> [Work order]:
Below is a listing to copy exactly; no image goes into the copy.

> [Material provided]:
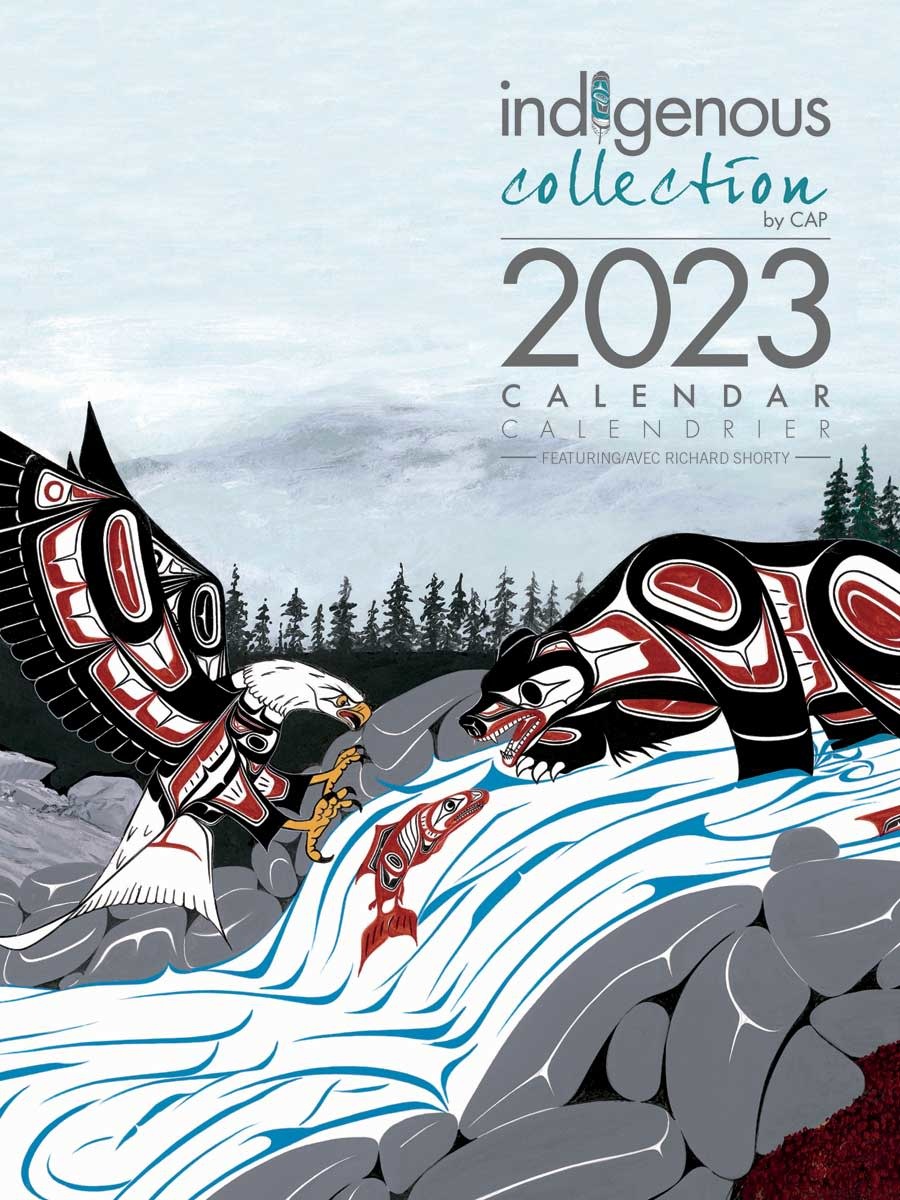 2023 Calendar - by Richard Shorty-1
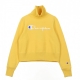 SWEATSHIRT TURTLE NECK L / S SWEATSHIRT YELLOW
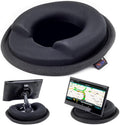 DigiCharge Dashboard Beanbag Suction Holder Base with 89mm Disk for Large 7'' 8'' 10'' GPS Sat Nav Mounts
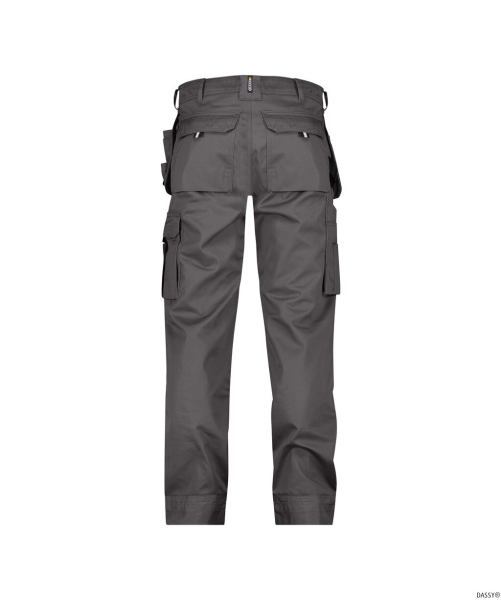 DASSY-Workwear, Bundhose OXFORD, grau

> [Problem solution]:
 2023 Calendar - by Richard Shorty-1
 SWEATSHIRT TURTLE NECK L / S SWEATSHIRT YELLOW
 DigiCharge Dashboard Beanbag Suction Holder Base with 89mm Disk for Large 7'' 8'' 10'' GPS Sat Nav Mounts
 DASSY-Workwear, Bundhose OXFORD, grau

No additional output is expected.